This one’s too big, this one’s too small, but this one is just right. Just like the three bears, HVAC systems work a lot more efficiently when the ductwork you use is the right size for your home. Install ducts that are too small, and your system will have to work harder to keep your home heated and cooled. Too big? The velocity will be compromised, meaning you may not be able to feel it through the air registers.

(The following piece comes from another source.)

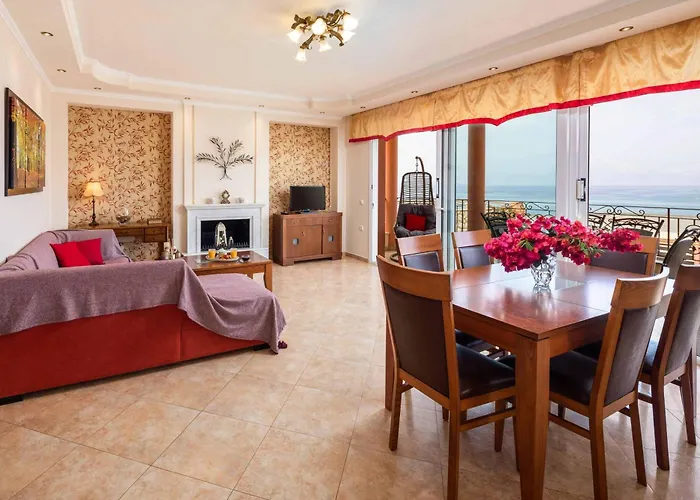 Villa Romanza Alpha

Either way, you’ll be a whole lot less comfortable if your air ducts aren’t right. That’s what makes them such an important part of keeping your HVAC system balanced. But finding the right size can be complicated. Ductwork sizing relies on a complicated formula that includes your home measurements, the size of your unit, the necessary air flow velocity, and the friction loss and static pressure of your HVAC system. That’s why HVAC professionals have charts and tools at their disposal to make the whole process go smoother. If you’re interested in knowing a little bit about what they’re calculating, here’s a brief overview of these measurements.

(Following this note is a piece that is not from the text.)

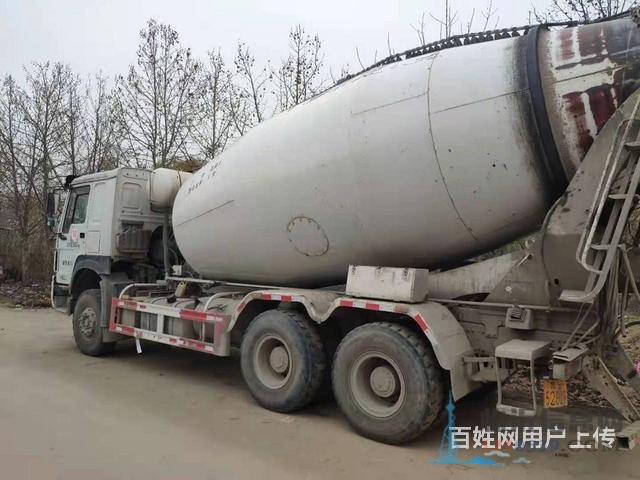 出售18年二手豪沃大14方攪拌車380馬力后八輪
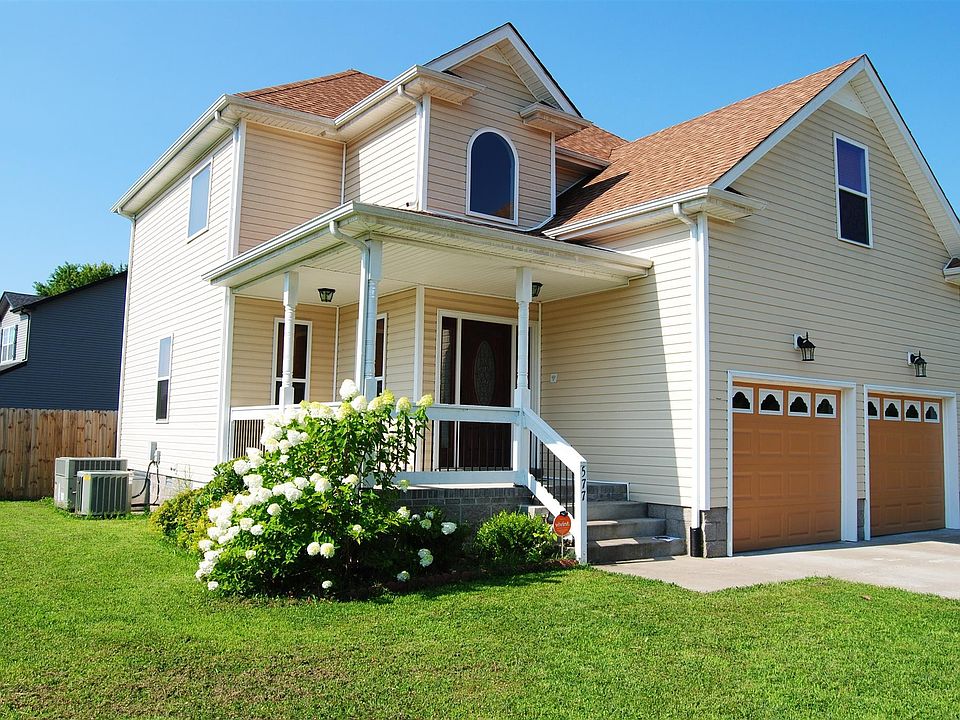 1st image of 577 Falkland Cir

Sizing Your Home’s Square Footage
The size of your home informs the size of your heating and cooling units—but it will also determine how large your ducts need to be. To accurately gauge the size of your ductwork, you’ll need to precisely measure the square footage of not just your house as a whole, but the size of each room, as well.
Run a tape measure around the length and width of each wall, dividing odd-shaped rooms into separate rectangular parts to calculate your measurements, if necessary. Write each measurement down on a chart to keep track of them, because you’ll need them later!
Cubic Feet Per Minute Calculations
Next, we need to talk about the cubic feet per minute, or CFM. This measurement indicates the air velocity or flow needed to accurately heat or cool a room. Since the size of your ductwork can increase or lower this measurement, you’ll have to find the necessary CFM for each room before you can get the right duct size for each space.
To calculate CFM, you need to know the size of your heating or cooling unit in tons. Multiply this number by 400, which is the average output of an HVAC unit. Then divide by the total square footage of your home. This will give you the multiplier for all your rooms’ CFM. So if you’re starting in the kitchen, and the kitchen is 300 square feet, to find the room’s CFM, you’d multiply 300 by (unit size x 400) / total square footage of your home. Do this for each room in your house.
Your Duct’s Friction Loss Rate
Another important unit to know is the friction loss rate of your ducts. This helps your contractor determine the static pressure for your unit throughout the length of your ducts—another measurement that affects the overall air flow from your system.
Friction loss rate depends on many different measurements, like the length of each duct; the amount of coils, filters, grills, registers, and dampers in your system; and the amount of turns in the ductwork. Your contractor will use a calculator to combine these measurements and features into your system’s static pressure measurement. Then they multiply it by 100 and divide by the total length of your system’s ductwork.
However, this is obviously a very complicated measurement—and becomes all the more complicated depending upon the size and shape of your ducts. For this reason, it’s usually best to leave friction loss rate calculations up to a professional contractor. But you can find a general number using an online friction loss calculator.
Using an HVAC Ducting Calculator
Your overall ducting size comes from combining the size, CFM, and friction loss of your home—meaning it ends up being a pretty complicated calculation. Because of this, professionals and amateurs alike typically don’t calculate the final HVAC ducting size by themselves. Instead, they use software or programmed calculators that can make these final deductions for them.
Because an HVAC professional has access to more sophisticated tools, it’s a safe bet that their calculations will be a little bit more precise than a home handyman’s. However, if you’re interested in learning more about the way these calculators work, an online course like this one can help.
Still, you should always at least consult with a knowledgeable professional when you’re designing an HVAC duct system. The size of your ductwork can massively alter the comfort of your home—and the amount you spend every month to keep your house heated or cooled. And HVAC units represent the largest portion of your home’s energy use, so getting those numbers right is imperative—if you like saving money, that is!